[[ DATA SECTION open ]]

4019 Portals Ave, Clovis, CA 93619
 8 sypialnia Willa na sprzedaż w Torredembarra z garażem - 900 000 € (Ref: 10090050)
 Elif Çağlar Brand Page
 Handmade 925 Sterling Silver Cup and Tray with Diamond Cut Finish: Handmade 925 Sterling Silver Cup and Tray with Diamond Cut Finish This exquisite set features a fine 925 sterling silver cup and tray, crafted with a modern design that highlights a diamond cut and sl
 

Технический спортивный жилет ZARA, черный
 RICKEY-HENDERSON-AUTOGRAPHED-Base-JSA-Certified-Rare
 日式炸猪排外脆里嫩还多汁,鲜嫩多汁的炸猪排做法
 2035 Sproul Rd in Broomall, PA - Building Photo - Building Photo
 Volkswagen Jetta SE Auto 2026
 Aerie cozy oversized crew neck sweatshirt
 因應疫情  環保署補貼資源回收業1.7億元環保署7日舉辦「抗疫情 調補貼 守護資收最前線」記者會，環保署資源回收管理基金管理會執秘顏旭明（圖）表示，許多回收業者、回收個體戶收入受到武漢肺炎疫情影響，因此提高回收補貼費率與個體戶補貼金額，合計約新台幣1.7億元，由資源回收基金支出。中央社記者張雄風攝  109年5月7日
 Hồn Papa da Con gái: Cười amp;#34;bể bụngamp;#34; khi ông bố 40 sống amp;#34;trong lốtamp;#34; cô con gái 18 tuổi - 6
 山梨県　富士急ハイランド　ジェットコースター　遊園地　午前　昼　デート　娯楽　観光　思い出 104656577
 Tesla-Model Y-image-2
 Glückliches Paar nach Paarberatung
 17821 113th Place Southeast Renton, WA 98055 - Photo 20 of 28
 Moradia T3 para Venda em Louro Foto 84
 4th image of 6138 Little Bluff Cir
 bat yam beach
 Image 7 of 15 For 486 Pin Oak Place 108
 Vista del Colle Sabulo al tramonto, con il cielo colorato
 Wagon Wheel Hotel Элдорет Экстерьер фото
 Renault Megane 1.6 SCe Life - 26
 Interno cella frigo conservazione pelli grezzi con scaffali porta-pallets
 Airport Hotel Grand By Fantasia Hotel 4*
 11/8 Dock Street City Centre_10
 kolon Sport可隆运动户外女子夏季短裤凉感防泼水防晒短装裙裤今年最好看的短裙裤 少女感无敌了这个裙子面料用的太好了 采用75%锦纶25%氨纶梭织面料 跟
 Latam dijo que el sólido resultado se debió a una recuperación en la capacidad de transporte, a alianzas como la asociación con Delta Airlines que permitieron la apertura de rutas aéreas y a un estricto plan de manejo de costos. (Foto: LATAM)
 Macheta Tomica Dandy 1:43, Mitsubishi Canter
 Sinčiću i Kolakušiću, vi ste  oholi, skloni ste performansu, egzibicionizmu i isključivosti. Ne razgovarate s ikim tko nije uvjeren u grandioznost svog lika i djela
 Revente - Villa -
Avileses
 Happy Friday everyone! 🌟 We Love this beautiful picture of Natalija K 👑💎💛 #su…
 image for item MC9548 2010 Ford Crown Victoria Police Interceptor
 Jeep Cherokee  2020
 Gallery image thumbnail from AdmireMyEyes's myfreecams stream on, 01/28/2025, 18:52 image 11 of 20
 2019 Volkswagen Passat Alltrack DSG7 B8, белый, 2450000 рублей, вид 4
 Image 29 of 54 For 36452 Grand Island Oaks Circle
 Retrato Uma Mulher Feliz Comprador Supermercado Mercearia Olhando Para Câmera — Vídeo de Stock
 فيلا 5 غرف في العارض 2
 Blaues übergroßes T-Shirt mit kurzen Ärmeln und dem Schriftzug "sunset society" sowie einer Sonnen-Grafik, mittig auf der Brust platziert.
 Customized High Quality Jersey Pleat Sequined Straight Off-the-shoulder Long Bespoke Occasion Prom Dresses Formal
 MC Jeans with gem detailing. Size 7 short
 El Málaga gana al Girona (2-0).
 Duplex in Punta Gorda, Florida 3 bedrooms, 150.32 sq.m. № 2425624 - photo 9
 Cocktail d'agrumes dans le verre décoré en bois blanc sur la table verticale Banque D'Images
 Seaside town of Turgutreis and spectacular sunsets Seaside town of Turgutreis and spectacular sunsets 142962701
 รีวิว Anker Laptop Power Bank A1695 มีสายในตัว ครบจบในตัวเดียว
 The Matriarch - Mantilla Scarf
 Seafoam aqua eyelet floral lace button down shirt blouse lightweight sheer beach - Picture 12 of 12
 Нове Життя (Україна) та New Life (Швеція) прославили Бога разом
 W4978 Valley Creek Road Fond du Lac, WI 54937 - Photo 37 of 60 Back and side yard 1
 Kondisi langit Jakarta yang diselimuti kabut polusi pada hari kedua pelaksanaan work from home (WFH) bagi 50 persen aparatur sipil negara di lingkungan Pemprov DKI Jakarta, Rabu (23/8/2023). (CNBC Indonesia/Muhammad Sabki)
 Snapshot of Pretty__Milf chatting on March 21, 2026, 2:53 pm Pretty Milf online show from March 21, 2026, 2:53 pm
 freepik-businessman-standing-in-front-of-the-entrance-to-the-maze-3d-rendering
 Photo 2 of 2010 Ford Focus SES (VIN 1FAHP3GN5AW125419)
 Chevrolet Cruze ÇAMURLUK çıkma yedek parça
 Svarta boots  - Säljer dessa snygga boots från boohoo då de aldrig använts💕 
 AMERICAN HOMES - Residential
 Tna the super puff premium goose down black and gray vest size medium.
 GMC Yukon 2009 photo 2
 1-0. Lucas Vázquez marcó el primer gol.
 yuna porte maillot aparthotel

[[ DATA SECTION closed ]]

TASK
Wherever the word "beach" appears in the listing above, copy the whole line.

SOLUTION TO THE EXERCISE
 bat yam beach
 Seafoam aqua eyelet floral lace button down shirt blouse lightweight sheer beach - Picture 12 of 12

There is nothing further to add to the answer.